We now know that the Mueller report did not provide President Donald Trump the total and complete vindication that he has claimed.
In fact, the document reads like a tell-all saga of lies, obfuscation and alleged obstruction of justice by the president of the United States and his closest advisors.
There was no crime charged because the Justice Department’s own guidance prohibits indicting a sitting president.
WATCH explainer on impeachment: How to remove a sitting U.S. president from office
That means Robert Mueller’s choice to sit out a traditional prosecutorial decision has turned the behaviour of Trump and his close associates into a moral question for the American people and the Congress of the United States.
All of that puts Democrats in a very, very tough spot.
Eighteen months away from the next election, the Democratic majority in the House of Representatives faces an impossible decision: do they press ahead with impeachment proceedings against the president, or do they sit this one out and let voters decide in November 2020?
The argument for impeachment
The argument made by some, like senator and presidential candidate Elizabeth Warren, is that giving Trump a pass would send a signal that his bad behaviour is permissible by any future president.
“To ignore a president’s repeated efforts to obstruct an investigation into his own disloyal behaviour would inflict great and lasting damage on this country,” she tweeted.
There’s a further risk that doing nothing could even embolden Trump.
Mueller detailed Trump’s reaction when he learned of the appointment of the special counsel.
“This is terrible. This is the end of my presidency,” Trump is reported to have said.
But the end of the Mueller probe could mark the true beginning of the Trump presidency – one where he is unencumbered by the special counsel’s investigation or questions about the legitimacy of his own election.
WATCH: (April 20) Elizabeth Warren calls for impeachment proceedings
Remember, collusion with Russia was the central issue investigated by Mueller, and that question has hung over Trump’s head for nearly two years.
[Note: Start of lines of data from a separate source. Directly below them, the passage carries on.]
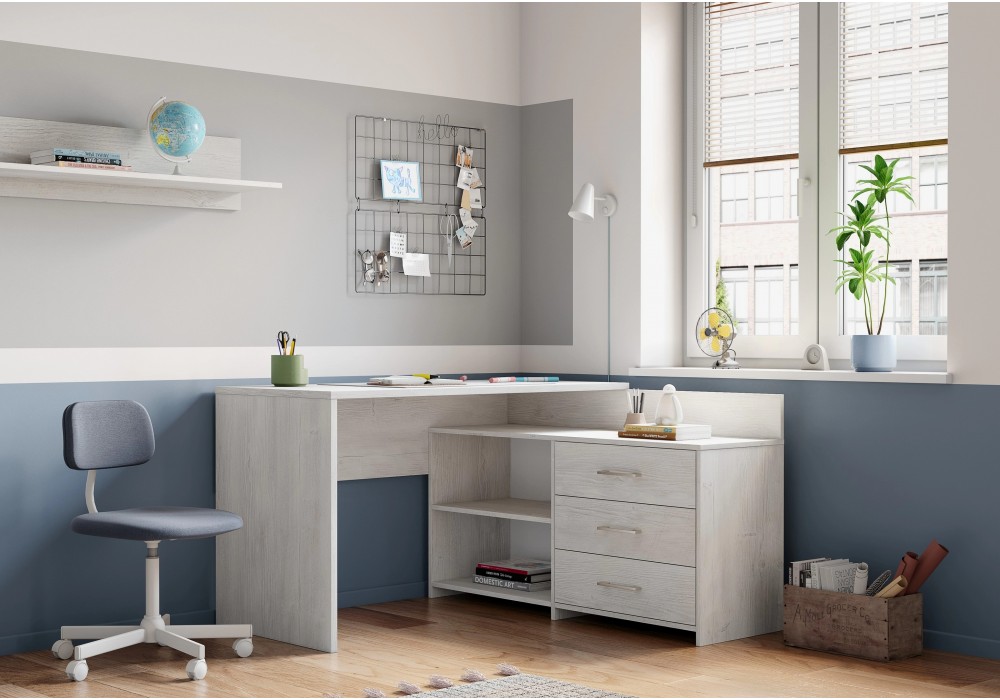 Стол письменный Кросс ИВ-120.01 (Сосна Каньон) в Минске Стол письменный Кросс ИВ-120.01 (Сосна Каньон)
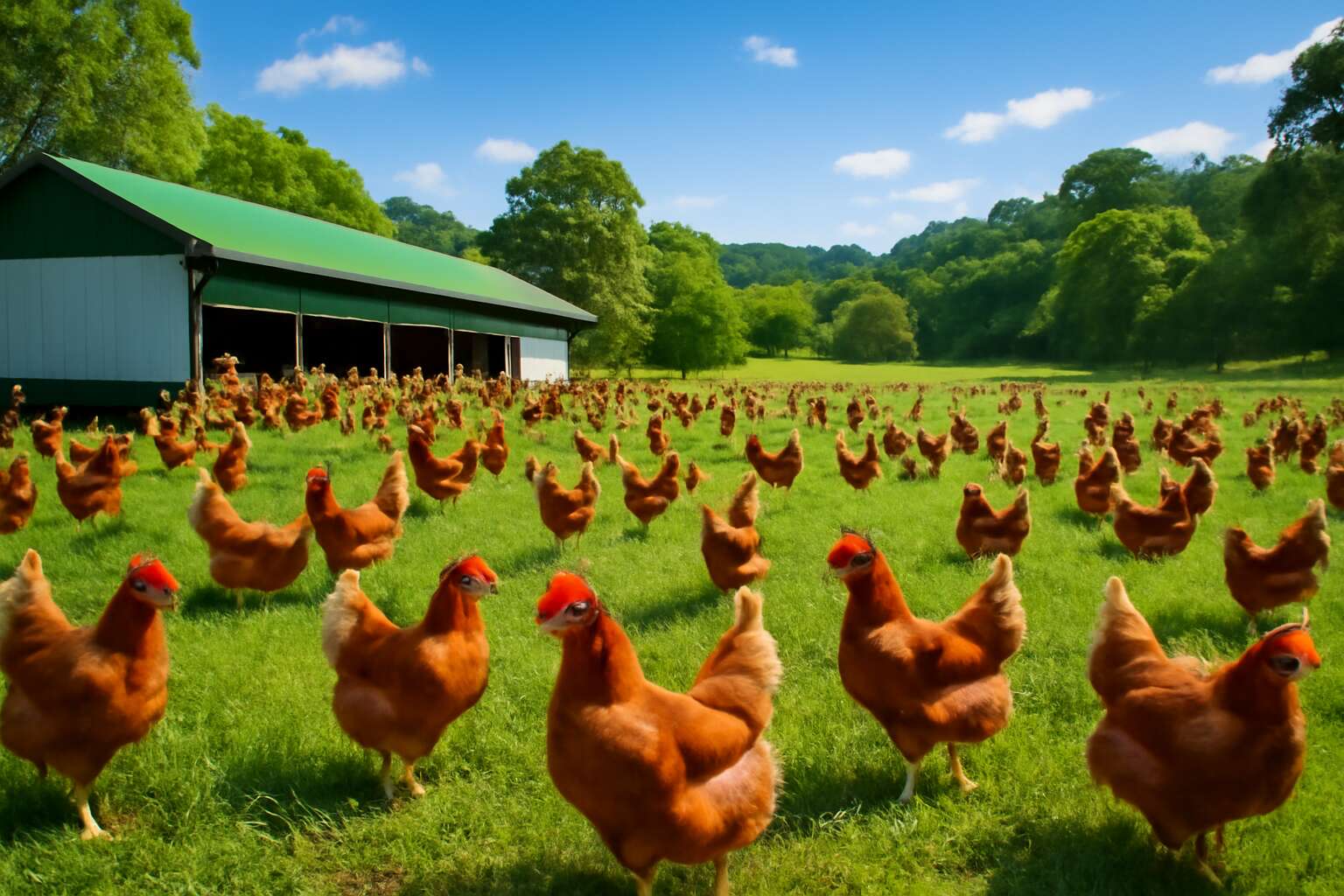 chicken farm gold coast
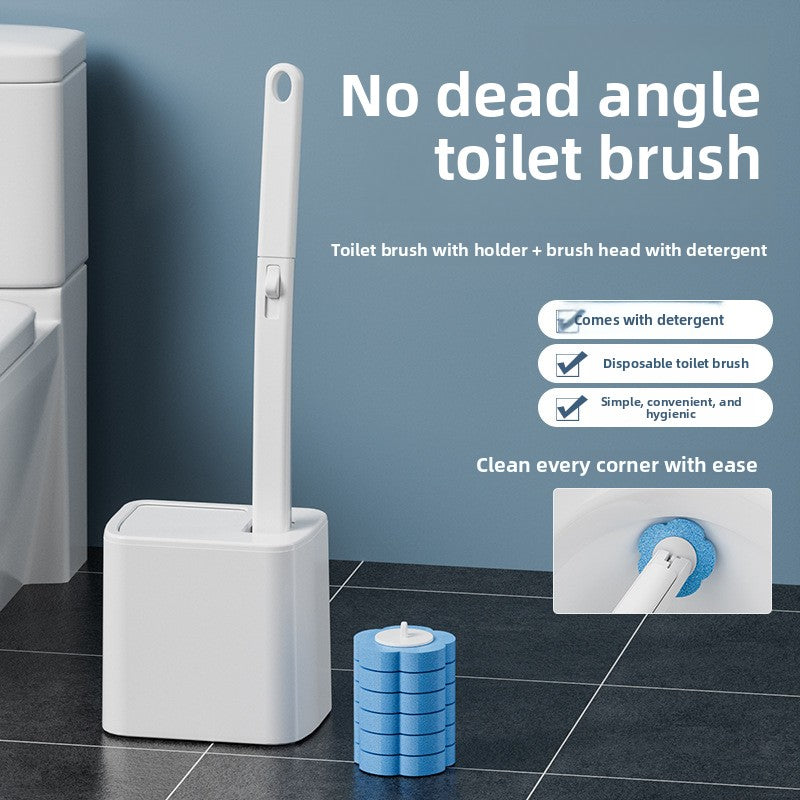 All-in-One Toilet Brush Set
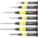 SCREWDRIVER SET, ULTRATECH, TORX, PHILLIPS, PRECISION, 7 PIECE, STEEL/PLASTIC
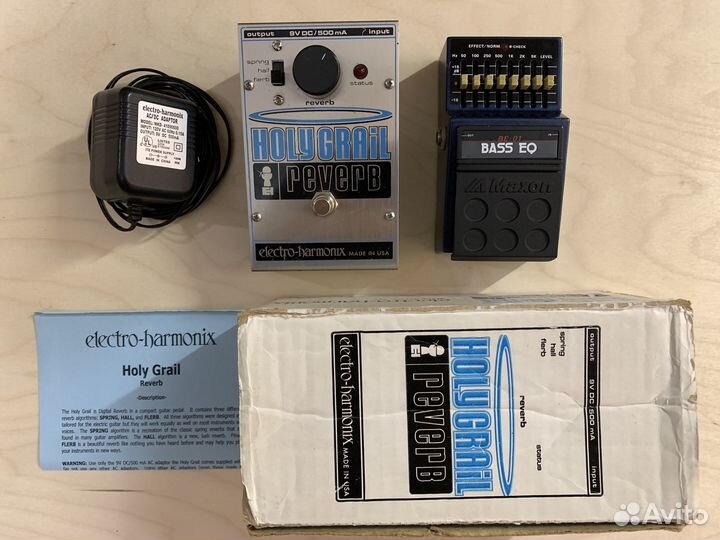 Гитарные педали Boss и другое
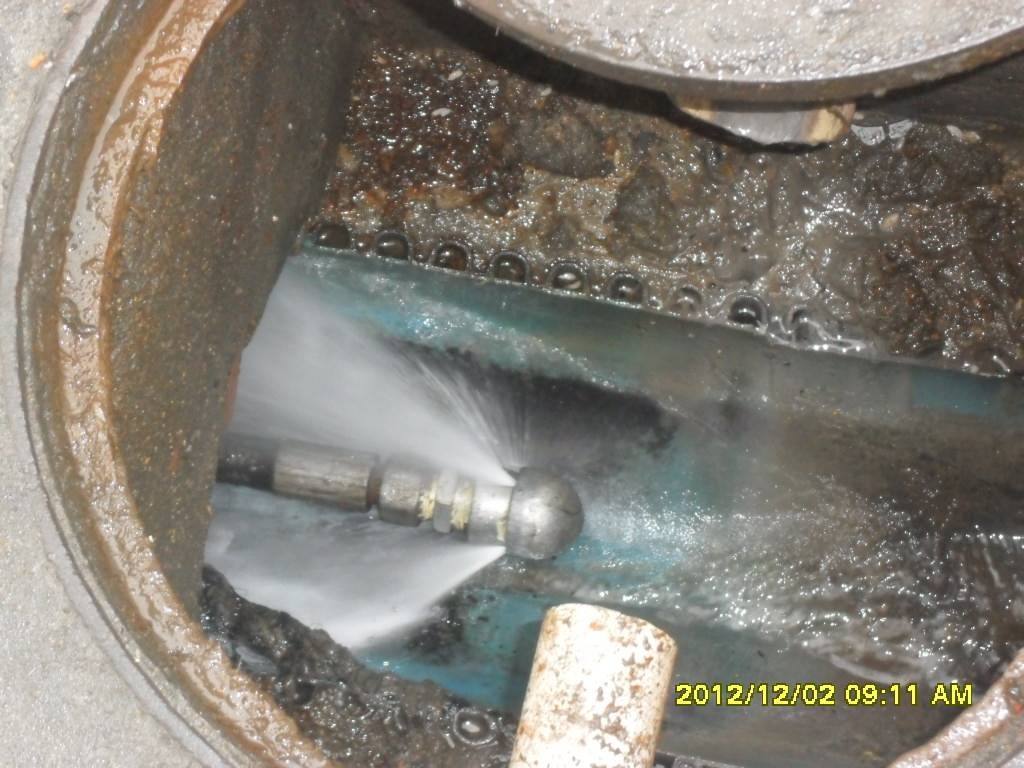 顺平污水管道高压清洗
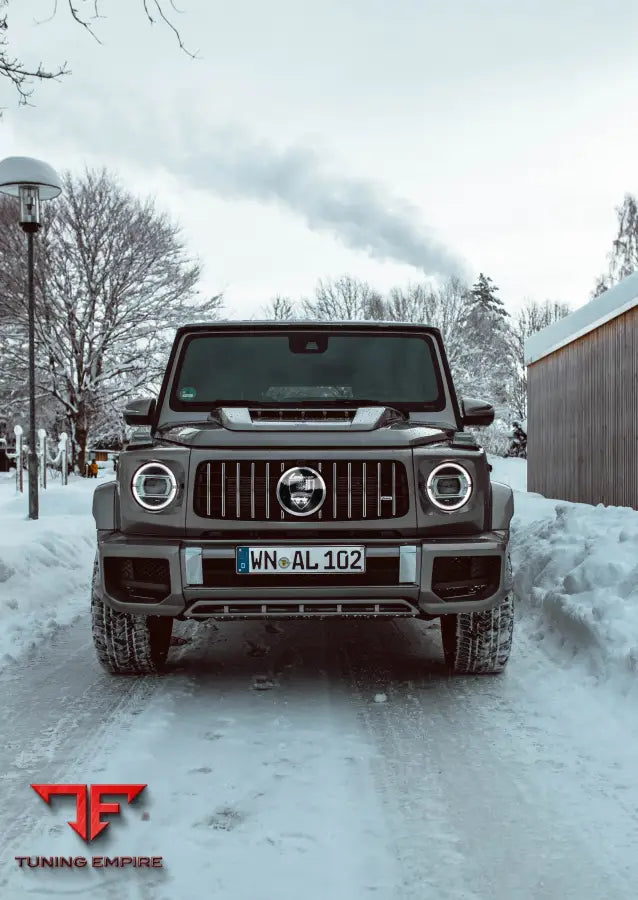 G-Model W463A Lorinser Air Intakes for Front Bumper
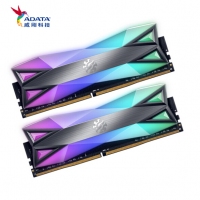 威刚 XPG-龙耀D60G DDR4 16GB (8G×2)3000 幻彩RGB灯条内存 云南内存批发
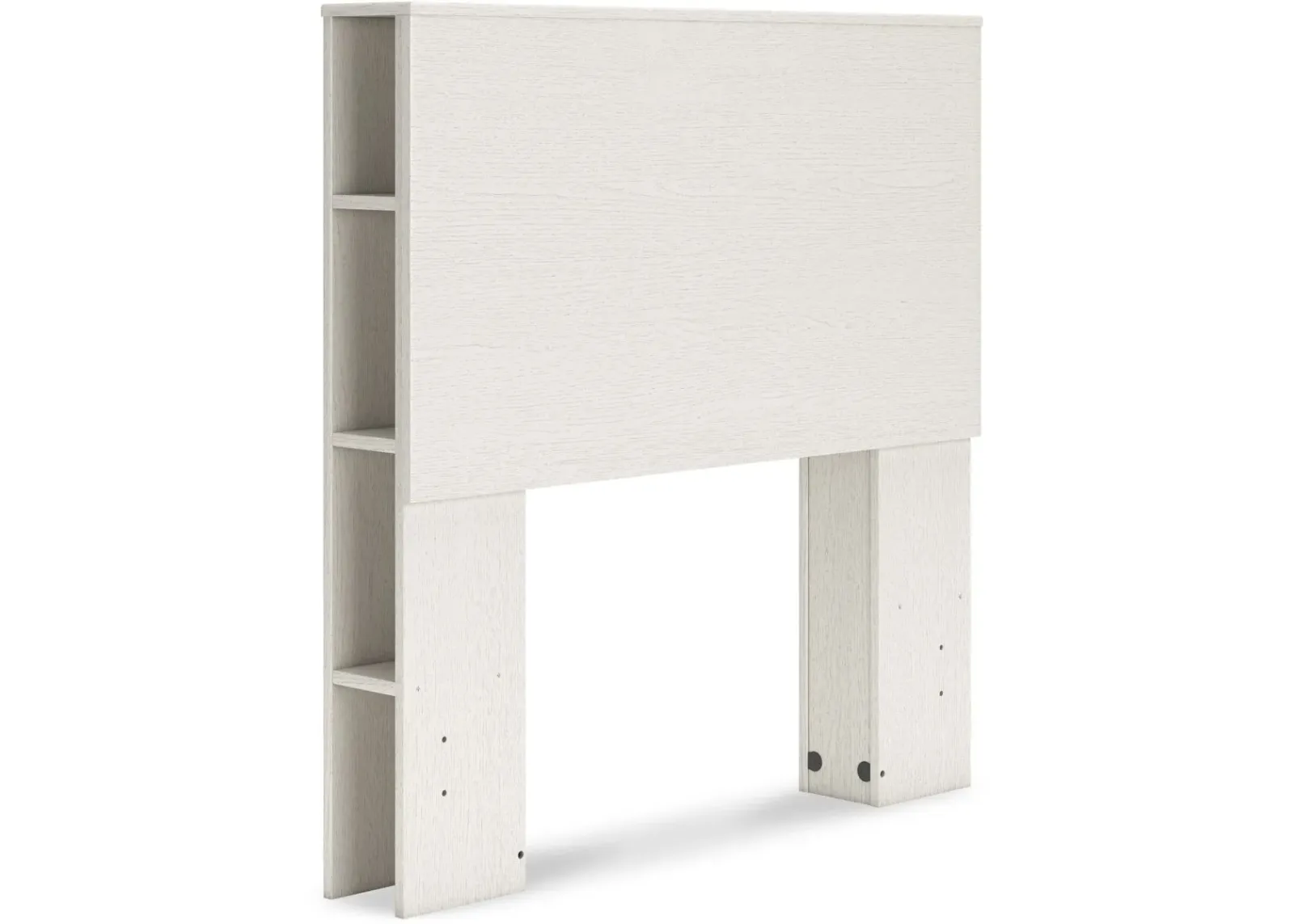 Signature Design by Ashley® Aprilyn White Twin Bookcase Headboard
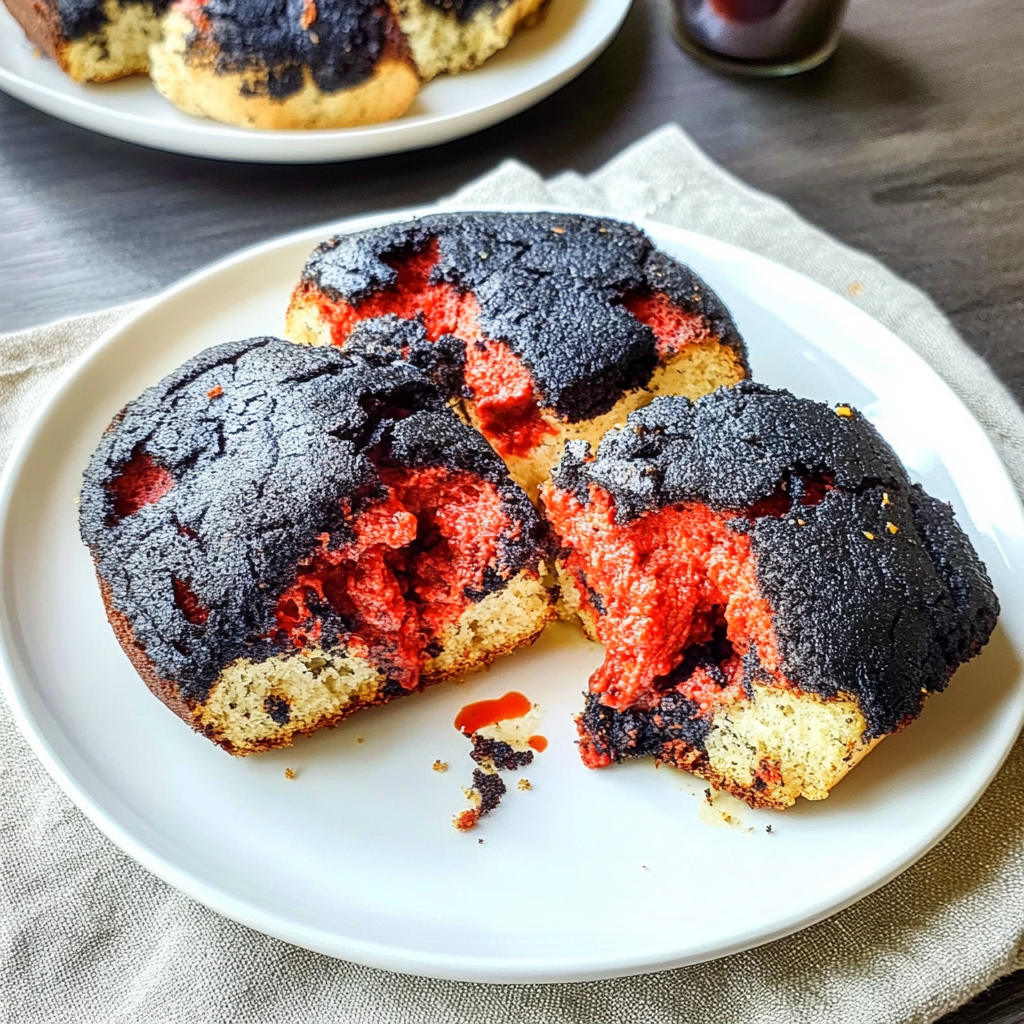 Halloween Brimstone Bread Recipe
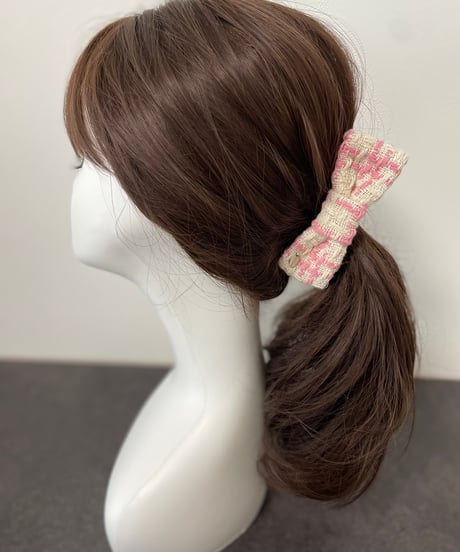 off White×Candypink (smart banana clip)
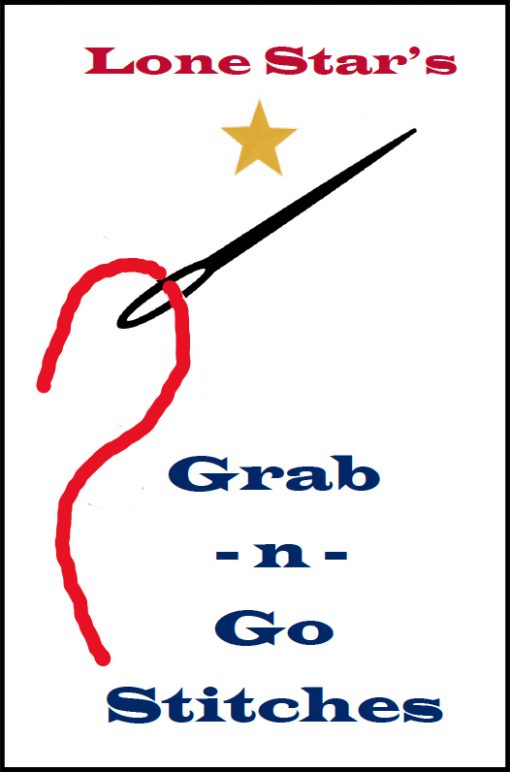 GRAB-N-GO STITCHES BOOK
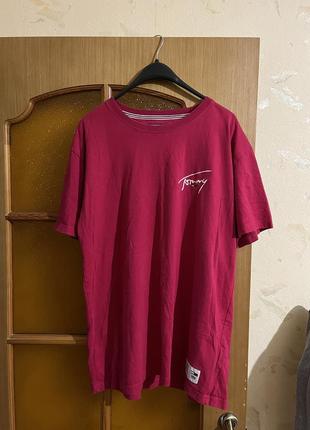 Мужская футболка tommy jeans размер xl оригинал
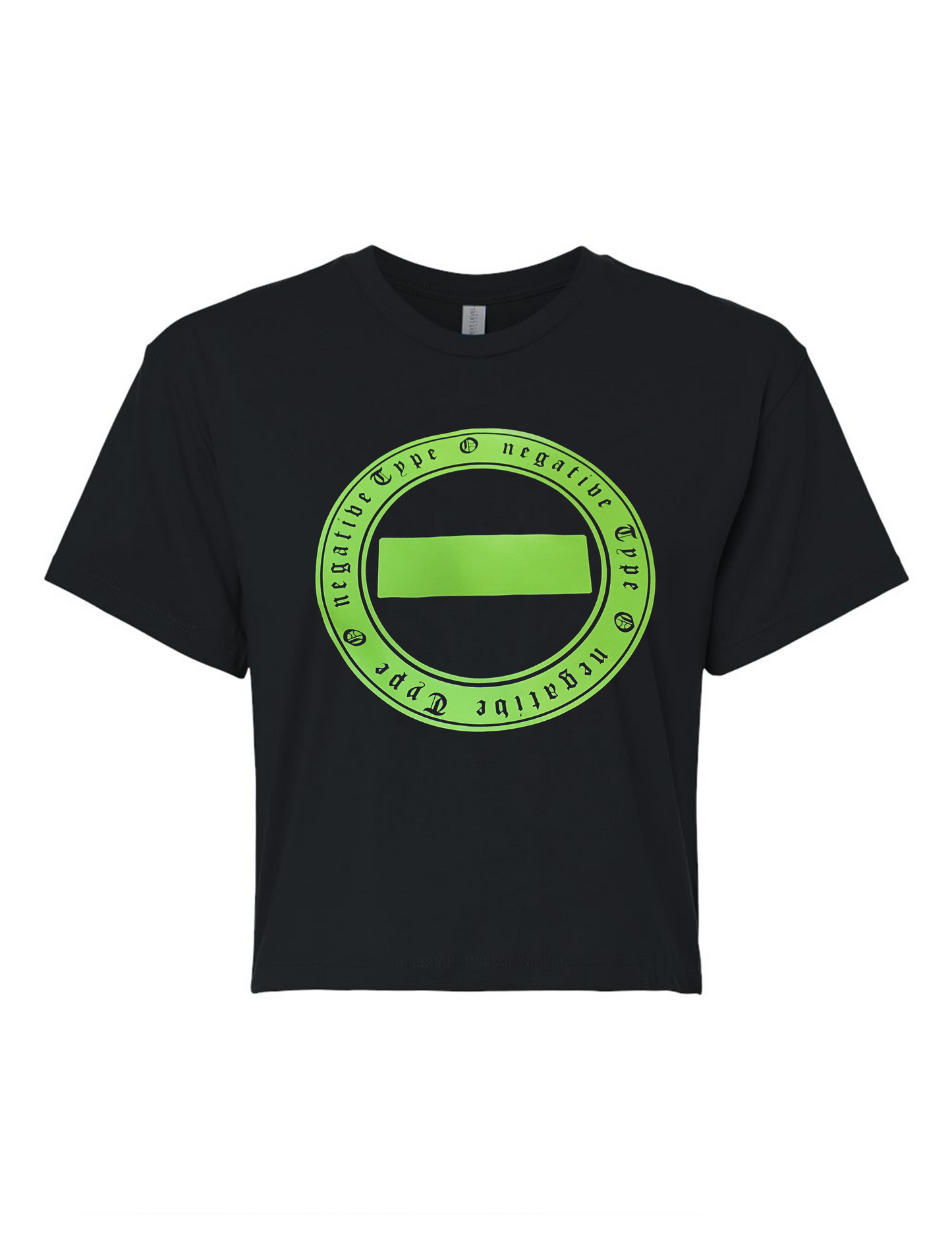 Type O negative Women Crop top Tee-Shirt | Peter Steele | Metal | Goth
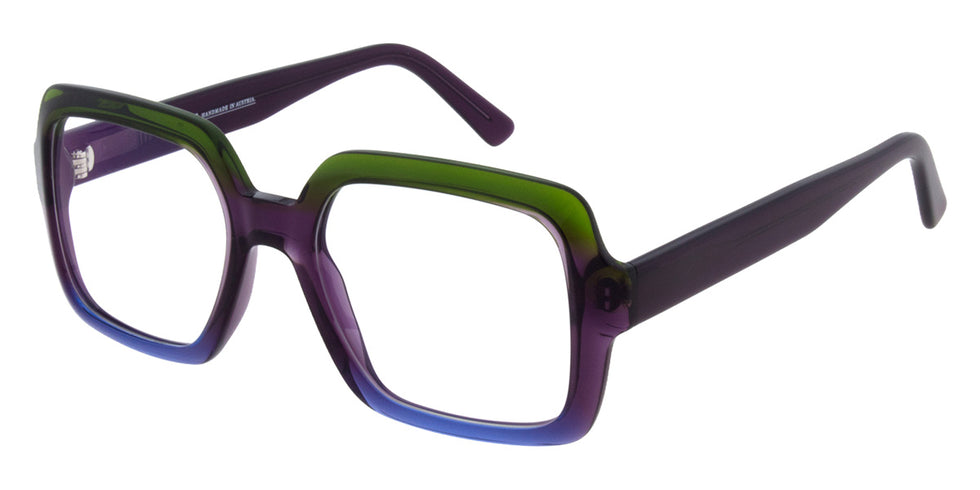 Andy Wolf® 5165 Eyeglasses ANW 5165 03 51 - Green/Violet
The ultimate finding that there was no collusion (though Mueller looked at the question of conspiracy instead) gives Trump an invaluable two-word slogan.
However troubling the entirety of Mueller’s findings is, it can’t compete with that central conclusion.
WATCH: Democrats say Trump impeachment ‘possibly coming’
Trump can now rally his base by claiming he truly was the target of what he so often claimed to be a “witch hunt.” He can push to investigate those who investigated him.
At the same time, Democrats risk the wrath of their own supporters if they don’t try to hold the president accountable. Their voters may tune out the next presidential campaign if they’re disaffected with a party that’s seen to be shirking its basic responsibility as a check and balance on the White House.
As we have written before, 53 per cent of Democratic voters say removing Trump from office should be a “top priority.” Those are voters the party needs to keep engaged through 2020.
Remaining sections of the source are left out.